Dort wurden Dündar und sein Kollege Erdem Gül mit dem Preis für die Freiheit und Zukunft der Medien der Medienstiftung der Leipziger Sparkasse ausgezeichnet. Er ist mit 30 000 Euro dotiert und wird Personen oder Institutionen verliehen, die sich «in herausragender Art und Weise für eine objektive Medienberichterstattung einsetzen».

Die Medien in der Türkei seien schweren Repressalien ausgesetzt, viele Journalisten seien in Haft, berichtete Dündar. Er und Gül wurden dort zu Haftstrafen verurteilt. Sie hatten in ihrer Zeitung «Cumhuriyet» über mutmaßliche Waffenlieferungen der Türkei an syrische Extremisten berichtet.
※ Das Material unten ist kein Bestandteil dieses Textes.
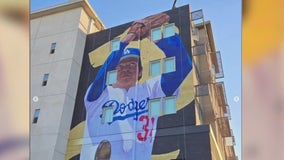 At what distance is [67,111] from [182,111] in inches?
183

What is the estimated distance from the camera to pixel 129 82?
11344mm

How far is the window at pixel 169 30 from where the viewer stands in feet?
38.3

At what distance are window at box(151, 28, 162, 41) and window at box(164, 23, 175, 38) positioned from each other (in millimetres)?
241

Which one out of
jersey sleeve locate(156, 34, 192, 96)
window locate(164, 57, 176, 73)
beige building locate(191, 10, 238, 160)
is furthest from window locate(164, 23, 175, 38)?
window locate(164, 57, 176, 73)

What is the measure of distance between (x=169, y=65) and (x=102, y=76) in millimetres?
2873

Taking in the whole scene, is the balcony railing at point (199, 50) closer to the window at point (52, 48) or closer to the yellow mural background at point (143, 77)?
the yellow mural background at point (143, 77)

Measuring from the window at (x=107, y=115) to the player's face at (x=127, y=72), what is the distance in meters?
0.99

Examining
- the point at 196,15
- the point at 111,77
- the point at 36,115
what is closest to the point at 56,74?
the point at 36,115

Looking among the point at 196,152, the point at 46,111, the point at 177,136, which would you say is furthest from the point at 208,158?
the point at 46,111

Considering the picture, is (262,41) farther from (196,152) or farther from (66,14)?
(66,14)

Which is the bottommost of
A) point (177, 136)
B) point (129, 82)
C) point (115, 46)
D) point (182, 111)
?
point (177, 136)

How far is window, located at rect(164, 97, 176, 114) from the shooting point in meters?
10.1

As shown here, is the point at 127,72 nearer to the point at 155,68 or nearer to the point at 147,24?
the point at 155,68

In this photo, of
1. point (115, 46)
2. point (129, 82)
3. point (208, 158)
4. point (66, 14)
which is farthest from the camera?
point (66, 14) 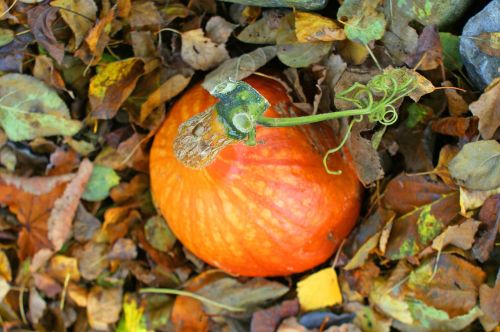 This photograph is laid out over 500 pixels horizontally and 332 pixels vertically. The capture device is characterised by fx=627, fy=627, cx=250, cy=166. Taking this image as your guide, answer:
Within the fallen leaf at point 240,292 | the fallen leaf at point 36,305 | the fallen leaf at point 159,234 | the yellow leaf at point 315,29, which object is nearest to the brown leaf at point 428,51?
the yellow leaf at point 315,29

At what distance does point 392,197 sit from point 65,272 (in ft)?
3.40

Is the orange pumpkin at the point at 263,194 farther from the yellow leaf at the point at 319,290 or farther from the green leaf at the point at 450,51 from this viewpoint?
the green leaf at the point at 450,51

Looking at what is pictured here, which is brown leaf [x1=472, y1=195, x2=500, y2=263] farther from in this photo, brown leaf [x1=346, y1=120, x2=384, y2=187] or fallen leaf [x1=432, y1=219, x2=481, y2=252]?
brown leaf [x1=346, y1=120, x2=384, y2=187]

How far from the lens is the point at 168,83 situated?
1734 mm

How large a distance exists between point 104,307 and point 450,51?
1248mm

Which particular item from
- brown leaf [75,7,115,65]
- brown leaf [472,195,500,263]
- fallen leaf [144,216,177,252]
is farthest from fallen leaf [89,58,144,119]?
brown leaf [472,195,500,263]

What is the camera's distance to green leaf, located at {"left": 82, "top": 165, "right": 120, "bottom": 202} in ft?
6.25

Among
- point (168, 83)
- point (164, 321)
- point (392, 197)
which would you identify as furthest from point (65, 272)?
point (392, 197)

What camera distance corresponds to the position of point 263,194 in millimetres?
1506

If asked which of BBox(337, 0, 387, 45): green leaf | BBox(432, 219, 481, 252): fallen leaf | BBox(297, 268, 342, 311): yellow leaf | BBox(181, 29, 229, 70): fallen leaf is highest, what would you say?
BBox(337, 0, 387, 45): green leaf

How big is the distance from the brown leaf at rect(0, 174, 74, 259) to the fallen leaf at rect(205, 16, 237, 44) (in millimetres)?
608

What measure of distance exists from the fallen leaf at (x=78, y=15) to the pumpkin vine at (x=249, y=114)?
51cm

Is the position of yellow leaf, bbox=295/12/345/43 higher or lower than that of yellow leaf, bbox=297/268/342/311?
higher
Dass Gül die Türkei nicht habe verlassen dürfen, um den Preis persönlich entgegenzunehmen, sei Beleg dafür, wie die Regierung mit Kritikern umgehe, sagte Dündar. Er selbst könne nur deshalb in Leipzig sein, weil er derzeit in Deutschland lebe. Dass Gül und er mit dem Leipziger Medienspreis ausgezeichnet wurden, sei «eine Botschaft an die Anhänger der Demokratie und eine Bestrafung für die Regierenden in der Türkei.»